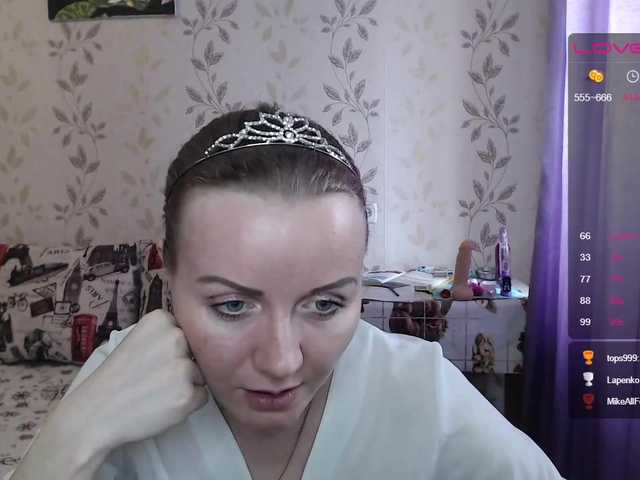 Live sex webcam photo for Alenushka888 #241313211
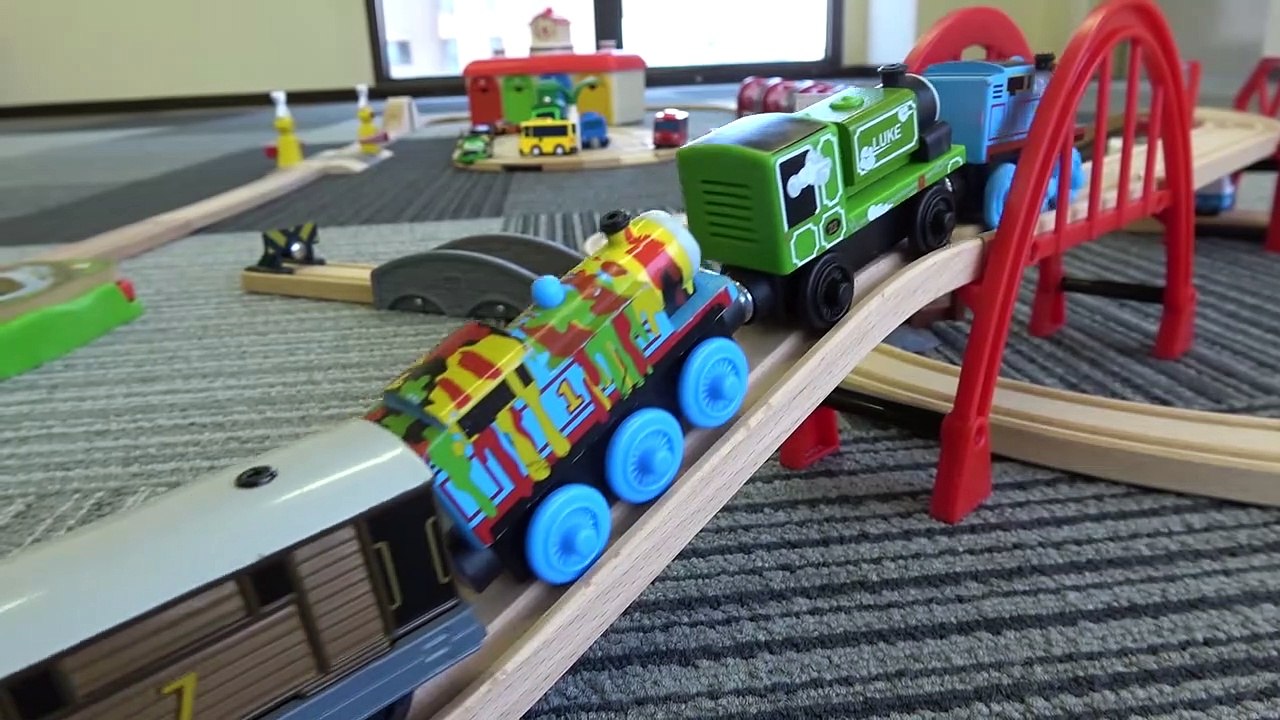 green  Thomas & Tayo  toy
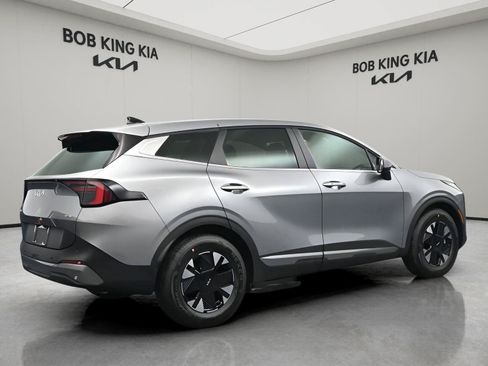 New 2026 Kia Sportage LX FWD image 4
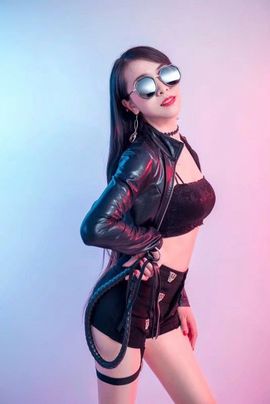 模特ღ丝丝つ女王主播照片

######

REQUIREMENT.
Please reproduce each line of the listing above exactly, skipping pictures.

RESULT.
 Live sex webcam photo for Alenushka888 #241313211
 green  Thomas & Tayo  toy
 New 2026 Kia Sportage LX FWD image 4
 模特ღ丝丝つ女王主播照片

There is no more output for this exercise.